Last
week we said the setting for the coming of the Holy Spirit was
and is worship. The New Testament commands believers to gather
for worship on a weekly basis. God says in Hebrews: Don't give
up meeting together as some are in the habit of doing. Corporate
worship is not optional. It's a command because worship is what
you and I were created and designed to do. God gave you a mind
to know him, heart to love him, lips to sing his praises. When
the church is gathered together worshiping God, and loving each
other, we are a living model of heaven. That's what the local
body is for, to reflect the kingdom of heaven to the world.

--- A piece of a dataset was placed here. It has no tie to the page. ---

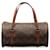 Brown Louis Vuitton Monogram Papillon 26 handbag Leather  ref.1300724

So when you worship you don't watch like a movie critic. You
participate. You pray the prayers. You focus and listen to the
readings and sermon with your mind. You sing the songs. You
receive the body and blood of Christ. You come to Church like
an athlete comes to a game ready to give God all you have: all
your heart, mind, and strength and ready to love your brother
and sister as Jesus has loved you. You come here ready to give
yourself as a living sacrifice.
Now,
let's open out bibles to Acts 2 and look at verses 2-3. The
disciples were together worshiping and, “Suddenly a sound like
the blowing of a violent wind came from heaven and filled the
whole house where they were sitting. (Acts 2:2-3)
So
let's set ourselves down in the room. The disciples are praising
Go d and they hear a sound, not a gradually rising sound. It
came “suddenly”. It wasn't like the sound of a gentle breeze
that tinkles wind-chimes. It was the sound of a violent wind.
Some translations have “mighty rushing” wind. Think hurricane.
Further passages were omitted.